◆ **WORK REQUIRED**
Set down all of the data that follows word for word, without the images.

◆ **EXERCISE INPUTS**
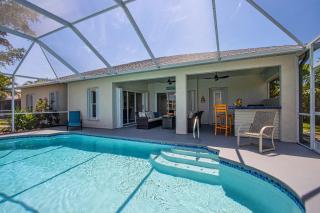 Charming Waterfront Vacation Rental with Fabulous Views and Easy Access to the Caloosahatchee River - Cape Coral - 0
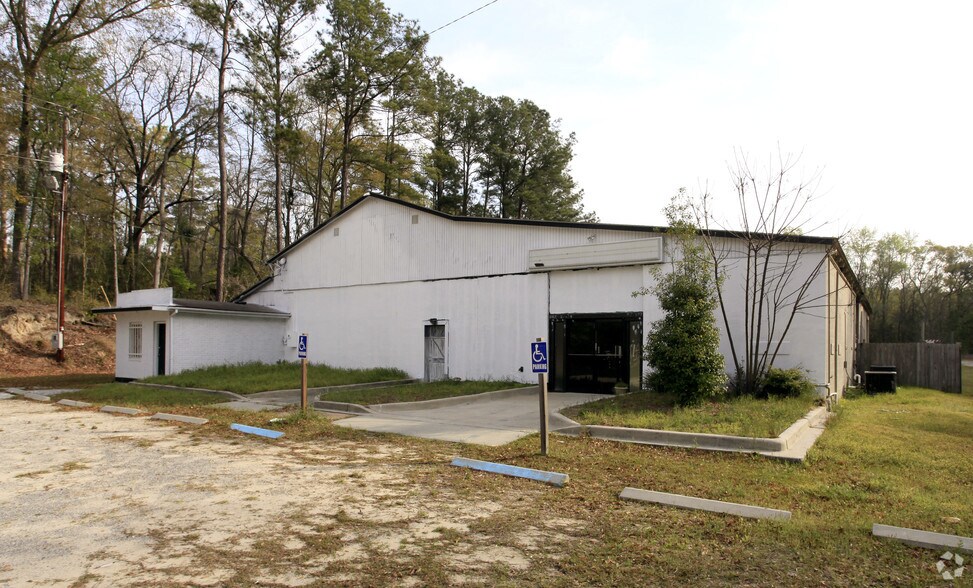 113 Santee Ln, Walterboro, SC 29488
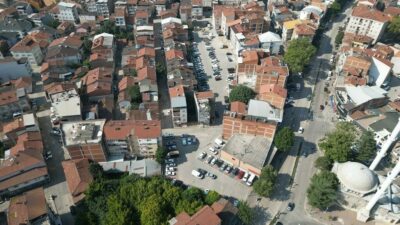 Uygulama ve projeleriyle şehri geleceğe hazırlayan İnegöl Belediyesi, bir yandan
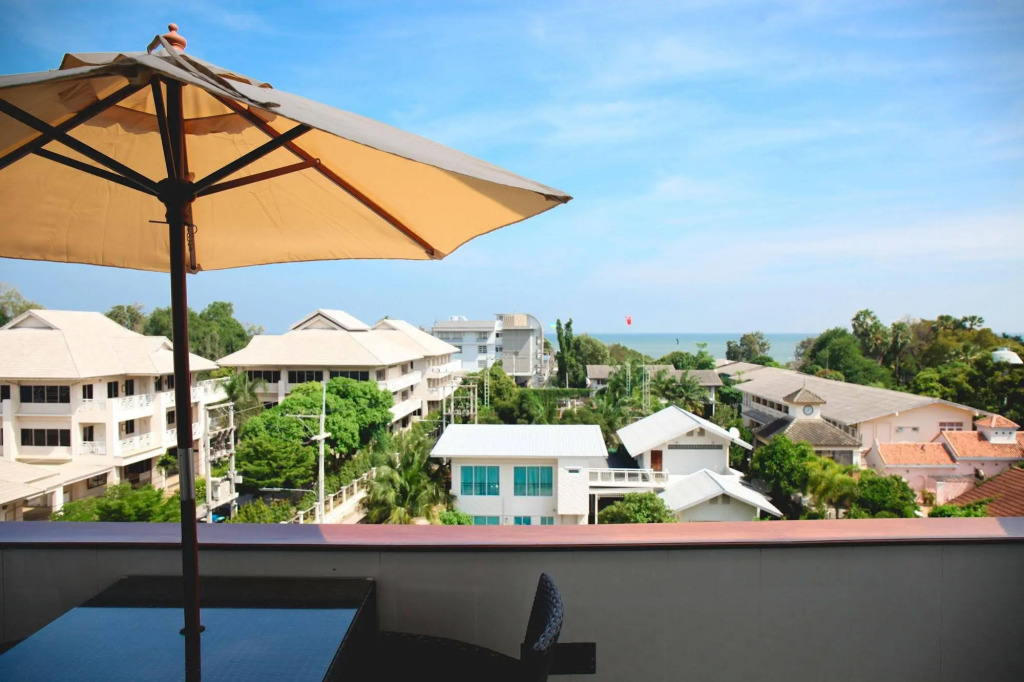 Hua Hin White Villa Hotel - SHA Certified
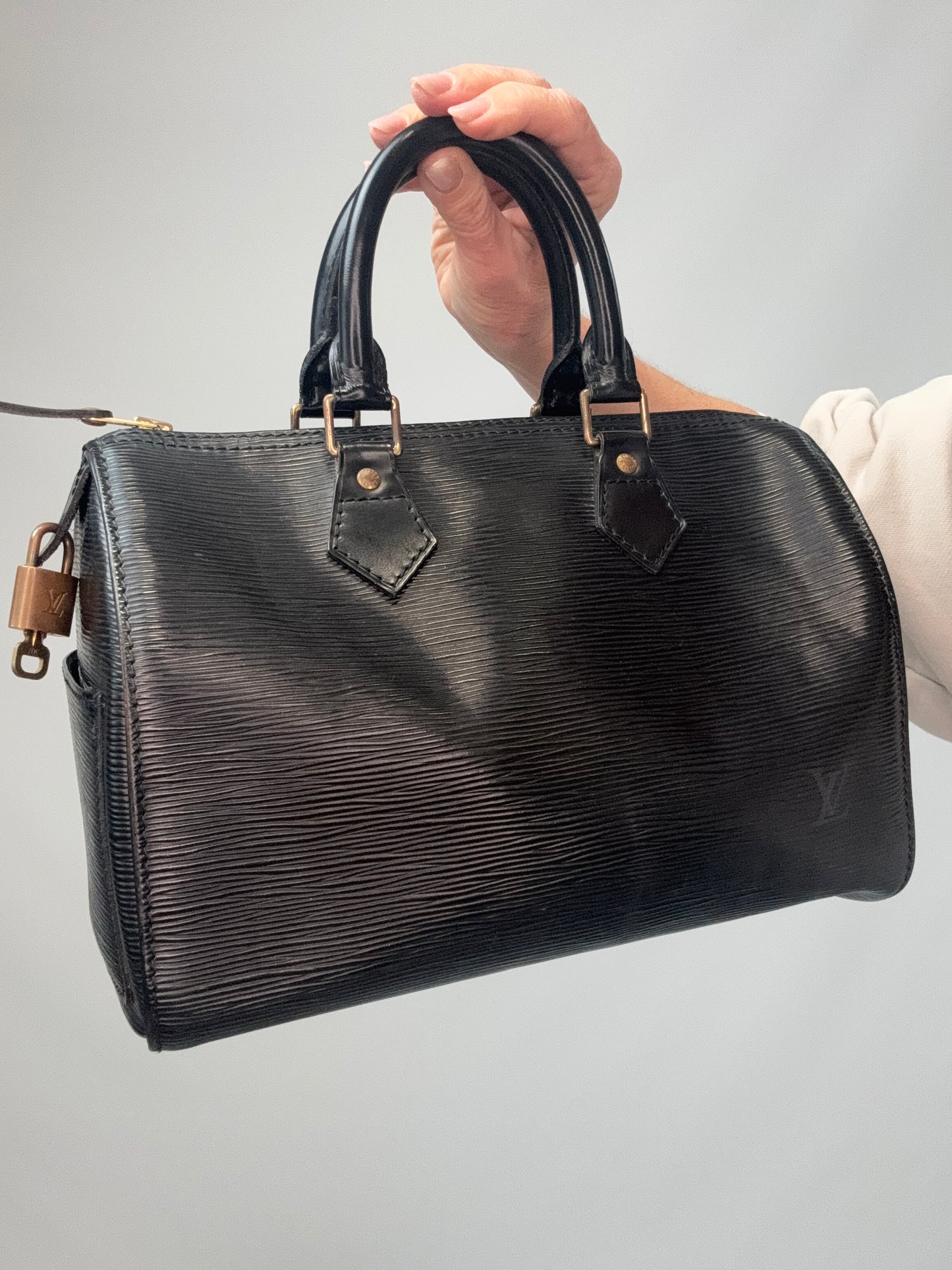 Louis Vuitton Epi Speedy 25 - Black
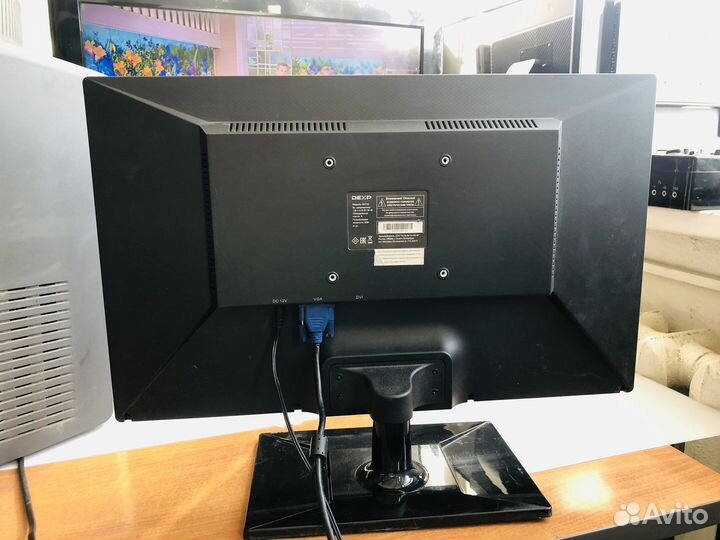 Монитор dexp M2150 -21 дюйм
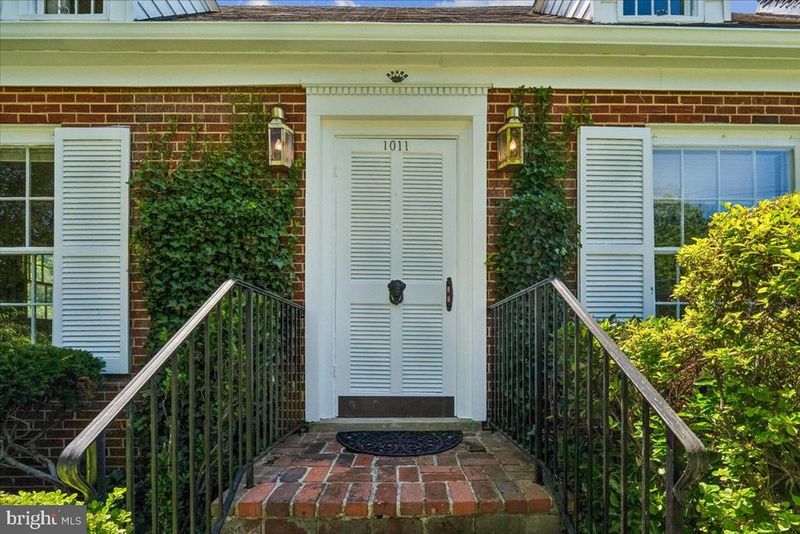 1011 W Nolcrest Dr, Silver Spring, MD 20903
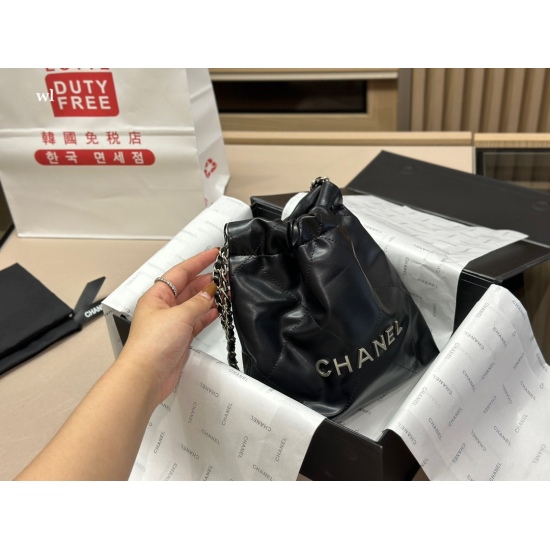 On October 13, 2023, 240 comes with a foldable box and an airplane box size of 20 * 21cm. The Chanel 23ss mini trash bag is also too beautiful! The cowhide chain is too fragrant, beautiful, and has a super capacity! Handheld armpit crossbody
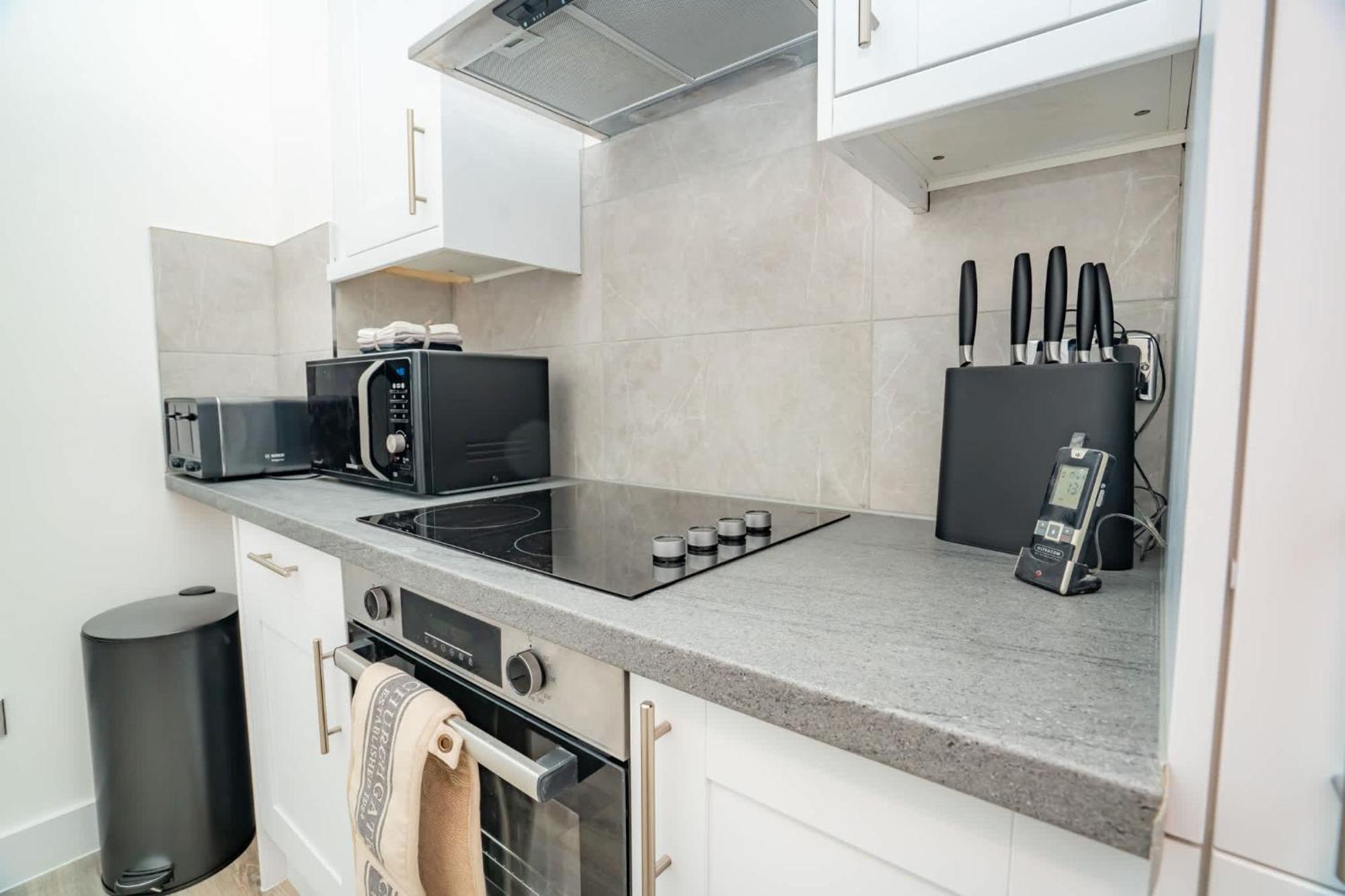 Elegant 1 Bedroom In Centre Apartment Cheltenham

◆ **TASK OUTPUT**
 Charming Waterfront Vacation Rental with Fabulous Views and Easy Access to the Caloosahatchee River - Cape Coral - 0
 113 Santee Ln, Walterboro, SC 29488
 Uygulama ve projeleriyle şehri geleceğe hazırlayan İnegöl Belediyesi, bir yandan
 Hua Hin White Villa Hotel - SHA Certified
 Louis Vuitton Epi Speedy 25 - Black
 Монитор dexp M2150 -21 дюйм
 1011 W Nolcrest Dr, Silver Spring, MD 20903
 On October 13, 2023, 240 comes with a foldable box and an airplane box size of 20 * 21cm. The Chanel 23ss mini trash bag is also too beautiful! The cowhide chain is too fragrant, beautiful, and has a super capacity! Handheld armpit crossbody
 Elegant 1 Bedroom In Centre Apartment Cheltenham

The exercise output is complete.